The Hong Kong Laureate Forum (HKLF) is a prestigious event that brings together distinguished scientists and young researchers to foster academic exchanges and promote interdisciplinary collaboration.

As a Senior Member of IEEE with a Ph.D. in Electrical Engineering from The Hong Kong Polytechnic University (PolyU), my research focuses on magnetic couplers for wireless power transfer systems in vehicular applications. I have published over 30 SCI journal and conference papers, including eight IEEE Transactions papers as the first author and four as the corresponding author. Additionally, I have served as an Associate Editor for Wireless Power Transfer with Maximum Academic Press and as a Guest Editor for journals such as IEEE Transactions on Power Electronics, Energies, and Electronics.

I am also the founder of NovelTec (HK), a company specializing in innovative technologies in wireless power transfer and autonomous systems. Participating in the HKLF would provide an invaluable opportunity to engage with leading scientists across various disciplines, exchange ideas, and gain insights into the latest scientific developments. I am eager to contribute to and learn from this esteemed community, furthering urthering my commitment to advancing research and fostering international collaboration in the field of electrical engineering.

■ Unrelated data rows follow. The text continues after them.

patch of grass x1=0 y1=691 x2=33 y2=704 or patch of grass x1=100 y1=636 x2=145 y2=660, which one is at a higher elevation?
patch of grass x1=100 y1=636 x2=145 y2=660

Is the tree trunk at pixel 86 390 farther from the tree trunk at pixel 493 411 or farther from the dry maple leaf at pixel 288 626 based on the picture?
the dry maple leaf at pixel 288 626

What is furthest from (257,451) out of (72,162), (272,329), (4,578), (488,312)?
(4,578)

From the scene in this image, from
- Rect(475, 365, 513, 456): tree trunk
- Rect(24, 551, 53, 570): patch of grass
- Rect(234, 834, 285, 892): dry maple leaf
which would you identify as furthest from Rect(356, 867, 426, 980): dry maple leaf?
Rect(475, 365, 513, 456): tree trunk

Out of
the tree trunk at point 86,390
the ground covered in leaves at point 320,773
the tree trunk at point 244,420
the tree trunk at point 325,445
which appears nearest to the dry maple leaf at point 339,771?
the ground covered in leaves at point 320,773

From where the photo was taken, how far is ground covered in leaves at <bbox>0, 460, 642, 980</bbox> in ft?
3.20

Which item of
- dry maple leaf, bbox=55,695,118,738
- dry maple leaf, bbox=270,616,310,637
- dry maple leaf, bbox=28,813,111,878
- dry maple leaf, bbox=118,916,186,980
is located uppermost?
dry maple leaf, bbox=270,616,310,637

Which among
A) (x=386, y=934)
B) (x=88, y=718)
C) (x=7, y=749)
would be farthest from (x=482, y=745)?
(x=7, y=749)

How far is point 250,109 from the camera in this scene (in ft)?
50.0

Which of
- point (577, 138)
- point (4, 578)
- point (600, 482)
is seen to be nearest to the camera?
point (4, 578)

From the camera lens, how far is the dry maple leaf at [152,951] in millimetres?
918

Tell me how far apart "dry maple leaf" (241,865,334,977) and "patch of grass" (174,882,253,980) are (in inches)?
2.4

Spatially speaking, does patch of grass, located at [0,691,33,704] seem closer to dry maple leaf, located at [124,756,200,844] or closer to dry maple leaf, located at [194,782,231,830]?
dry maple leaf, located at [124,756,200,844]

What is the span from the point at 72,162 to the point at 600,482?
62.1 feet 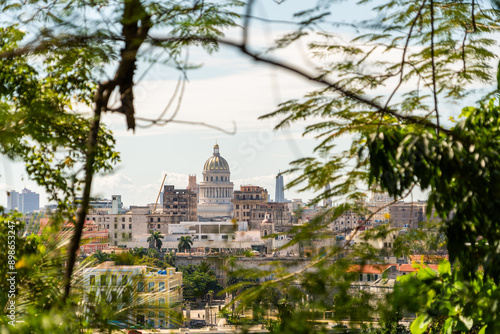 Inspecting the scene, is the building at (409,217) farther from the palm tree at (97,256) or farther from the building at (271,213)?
the building at (271,213)

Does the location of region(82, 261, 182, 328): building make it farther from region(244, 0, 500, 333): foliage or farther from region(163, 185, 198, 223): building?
region(163, 185, 198, 223): building

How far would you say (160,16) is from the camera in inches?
39.8

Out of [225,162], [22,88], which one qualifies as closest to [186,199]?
[225,162]

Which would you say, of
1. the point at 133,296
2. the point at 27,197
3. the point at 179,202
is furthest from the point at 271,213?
the point at 133,296

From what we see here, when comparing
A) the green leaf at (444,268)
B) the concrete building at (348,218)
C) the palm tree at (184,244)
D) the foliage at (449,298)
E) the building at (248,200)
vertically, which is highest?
the building at (248,200)

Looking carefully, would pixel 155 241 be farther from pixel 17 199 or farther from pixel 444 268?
pixel 444 268

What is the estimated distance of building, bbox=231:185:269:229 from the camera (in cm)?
3731

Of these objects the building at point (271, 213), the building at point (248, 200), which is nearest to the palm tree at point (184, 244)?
the building at point (271, 213)

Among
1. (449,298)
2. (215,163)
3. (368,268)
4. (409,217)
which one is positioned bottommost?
(449,298)

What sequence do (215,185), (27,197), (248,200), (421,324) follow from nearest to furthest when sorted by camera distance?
(421,324) → (27,197) → (248,200) → (215,185)

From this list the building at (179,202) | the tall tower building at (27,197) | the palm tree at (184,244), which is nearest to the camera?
the tall tower building at (27,197)

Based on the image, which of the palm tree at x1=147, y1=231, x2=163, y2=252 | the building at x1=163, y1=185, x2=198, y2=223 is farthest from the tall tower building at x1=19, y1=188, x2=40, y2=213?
the building at x1=163, y1=185, x2=198, y2=223

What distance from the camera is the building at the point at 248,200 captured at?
37312 mm

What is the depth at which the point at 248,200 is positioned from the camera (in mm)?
38625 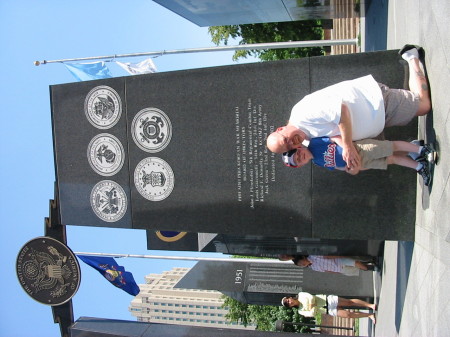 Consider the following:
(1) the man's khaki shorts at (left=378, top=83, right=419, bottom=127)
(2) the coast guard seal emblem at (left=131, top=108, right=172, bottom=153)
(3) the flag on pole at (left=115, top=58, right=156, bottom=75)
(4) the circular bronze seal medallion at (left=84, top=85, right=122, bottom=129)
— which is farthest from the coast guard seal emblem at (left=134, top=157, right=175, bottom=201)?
(3) the flag on pole at (left=115, top=58, right=156, bottom=75)

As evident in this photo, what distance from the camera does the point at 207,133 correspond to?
6973 mm

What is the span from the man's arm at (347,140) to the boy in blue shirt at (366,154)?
107 millimetres

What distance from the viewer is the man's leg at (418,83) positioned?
538 centimetres

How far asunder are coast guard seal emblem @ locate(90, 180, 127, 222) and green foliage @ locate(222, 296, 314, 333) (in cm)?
1819

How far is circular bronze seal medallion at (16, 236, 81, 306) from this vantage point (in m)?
8.78

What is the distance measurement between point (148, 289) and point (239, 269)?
209 ft

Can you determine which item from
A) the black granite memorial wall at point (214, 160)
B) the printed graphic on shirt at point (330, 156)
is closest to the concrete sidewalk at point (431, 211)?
the black granite memorial wall at point (214, 160)

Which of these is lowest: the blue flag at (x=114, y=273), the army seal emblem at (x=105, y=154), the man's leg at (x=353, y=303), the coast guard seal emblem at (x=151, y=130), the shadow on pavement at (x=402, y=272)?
the man's leg at (x=353, y=303)

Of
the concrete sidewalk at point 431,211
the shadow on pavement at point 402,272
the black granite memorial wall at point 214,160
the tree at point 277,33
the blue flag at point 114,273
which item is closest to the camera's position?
the concrete sidewalk at point 431,211

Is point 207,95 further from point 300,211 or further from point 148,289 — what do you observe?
point 148,289

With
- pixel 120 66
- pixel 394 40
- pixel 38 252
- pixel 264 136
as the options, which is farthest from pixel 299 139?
pixel 120 66

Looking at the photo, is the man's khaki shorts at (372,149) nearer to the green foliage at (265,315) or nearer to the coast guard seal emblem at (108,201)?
the coast guard seal emblem at (108,201)

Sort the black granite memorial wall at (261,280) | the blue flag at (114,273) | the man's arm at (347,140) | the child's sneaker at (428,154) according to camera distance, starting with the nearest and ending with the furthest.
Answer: the man's arm at (347,140), the child's sneaker at (428,154), the blue flag at (114,273), the black granite memorial wall at (261,280)

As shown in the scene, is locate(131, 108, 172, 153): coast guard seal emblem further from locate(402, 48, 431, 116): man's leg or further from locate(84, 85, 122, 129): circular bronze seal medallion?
locate(402, 48, 431, 116): man's leg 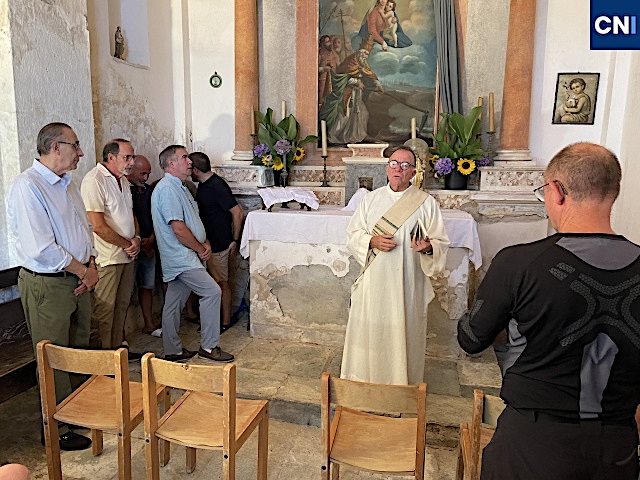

My current research focuses on advancing wireless power transfer (WPT) technologies for applications in electric vehicles (EVs) and unmanned aerial vehicles (UAVs). Specifically, I am developing integrated magnetic couplers with robust misalignment tolerance, enabling efficient power transfer in dynamic environments. One of my key contributions is the design of magnetic couplers that can handle rotational and lateral misalignments, which is crucial for systems like wireless charging of UAVs that may land in arbitrary positions. I am also exploring the use of multi-receiver systems to enhance power transfer efficiency in industrial and vehicular applications, including automated guided vehicles (AGVs) and electric trains. My work integrates advanced coil designs, such as dynamic charging arrays and Helmholtz coils, to improve load-independent charging and minimize unwanted cross-couplings. Currently, I am leading research on dynamic wireless charging for high-speed transportation systems and energy-efficient WPT methods for large-scale industrial use. Additionally, I am working on solutions for simultaneous power and data transfer to optimize performance in automated systems. Through my research, I aim to push the boundaries of WPT technology, making it more adaptable, scalable, and reliable for future autonomous and electric transportation systems.